They come in suits and in jeans; with friends and by themselves; just after work and on their days off — and the wine draws them in. But there’s a lot more to a wine tasting than the substance in your glass. Tastings are about people, too.
The genius of a tasting, of course, is that everything is complimentary. That goes for the information, too. Want to know what’s the best wine to pair with that balsamic chicken recipe? Chances are high that you aren’t the only one who wants to know the answer, so ask away.
Our go-to wine shop is The Winetree at 1951 Washington Ave. If we have a unique recipe, manager Ron Hull will likely be able to steer us toward a bottle that fits both our tastes and our budgets.
Hull also happens to select most of the Wednesday night tasting wines.
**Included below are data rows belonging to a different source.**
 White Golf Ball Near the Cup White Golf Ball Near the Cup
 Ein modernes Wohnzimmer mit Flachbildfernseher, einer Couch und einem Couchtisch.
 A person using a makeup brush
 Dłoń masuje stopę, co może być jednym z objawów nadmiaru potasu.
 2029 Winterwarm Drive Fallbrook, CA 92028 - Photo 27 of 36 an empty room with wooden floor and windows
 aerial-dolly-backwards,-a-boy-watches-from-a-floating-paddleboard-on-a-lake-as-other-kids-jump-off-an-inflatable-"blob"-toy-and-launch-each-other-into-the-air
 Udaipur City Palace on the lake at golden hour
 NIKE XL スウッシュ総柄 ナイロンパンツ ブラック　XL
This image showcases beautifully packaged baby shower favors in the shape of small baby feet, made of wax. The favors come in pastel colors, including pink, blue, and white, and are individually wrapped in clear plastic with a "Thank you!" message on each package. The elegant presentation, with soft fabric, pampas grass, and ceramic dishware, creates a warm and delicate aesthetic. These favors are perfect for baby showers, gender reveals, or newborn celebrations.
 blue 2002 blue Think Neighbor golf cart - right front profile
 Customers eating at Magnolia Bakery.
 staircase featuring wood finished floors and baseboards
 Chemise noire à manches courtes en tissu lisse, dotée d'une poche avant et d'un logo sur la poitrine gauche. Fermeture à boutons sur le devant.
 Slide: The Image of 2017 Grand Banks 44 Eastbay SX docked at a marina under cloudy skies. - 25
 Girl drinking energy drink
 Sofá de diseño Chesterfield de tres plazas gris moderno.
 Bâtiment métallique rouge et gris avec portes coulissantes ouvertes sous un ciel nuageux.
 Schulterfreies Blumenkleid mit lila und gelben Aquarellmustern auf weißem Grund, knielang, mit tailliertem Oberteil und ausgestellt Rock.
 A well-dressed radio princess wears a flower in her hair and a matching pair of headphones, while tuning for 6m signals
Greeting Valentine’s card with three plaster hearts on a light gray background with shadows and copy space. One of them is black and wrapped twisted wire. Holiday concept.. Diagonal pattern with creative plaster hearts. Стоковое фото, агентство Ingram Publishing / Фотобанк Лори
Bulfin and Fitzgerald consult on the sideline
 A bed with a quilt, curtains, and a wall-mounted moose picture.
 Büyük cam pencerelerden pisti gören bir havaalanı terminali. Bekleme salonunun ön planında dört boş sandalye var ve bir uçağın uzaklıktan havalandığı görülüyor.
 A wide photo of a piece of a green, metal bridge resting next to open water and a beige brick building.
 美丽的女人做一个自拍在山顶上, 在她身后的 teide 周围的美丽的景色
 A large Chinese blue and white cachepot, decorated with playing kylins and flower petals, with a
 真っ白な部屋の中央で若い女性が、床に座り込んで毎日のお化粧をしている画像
Once, close to Christmas a couple of years ago, he lined up five bottles of Californian Cabernet Sauvignon. Other nights, he’s started with a light and crisp Sauvignon Blanc before edging participants toward a richer Chardonnay. He’s mixed in Chilean Malbec and an Italian red blend, ending the lineup with various kinds of port. The deliberately varied tastings let us decide what we like based on our own flavor sensitivities — not someone else’s. It also beats taking a chance on an entire bottle of wine, only to find out it’s too acidic for our tastes, or too tannic.
Aside from the wine, tastings also happen to be a great way to meet people. We’ve talked social studies with a substitute teacher and travel with a city utility worker. We’ve discussed the best local places to bird-watch, and to hunt, with a local business owner. And we’ve met neighbors we didn’t know we had, friends of friends we’ve seen elsewhere, but just couldn’t place. The wine has a lot to do with that.
Plus, we’ve learned a few things about how to make a tasting work for us. First, don’t brush your teeth before you have a glass of wine. The sugar in the toothpaste impacts your ability to accurately judge what you sip. Second, perfume and cologne can affect how you and others experience a wine, since taste is highly influenced by what we smell. Third, understand that state law limits the amount of free wine you’re able to imbibe on the premises. Fourth, have fun. Wine tastings are about learning new things with new people. And if you’re nervous, don’t worry: Everyone else is, too.
Winetree’s tastings are Wednesdays from 4 to 7 p.m. Varsity Liquors, 687 N. Green River Road, offers tastings on Fridays from 6 to 8 p.m. Winzerwald Winery’s Evansville Tasting Room, 2021 W. Franklin St., offers tastings Wednesdays and Thursdays from 12 to 7 p.m.; Fridays and Saturdays from 12 to 8 p.m.; and Sundays from 12 to 5 p.m.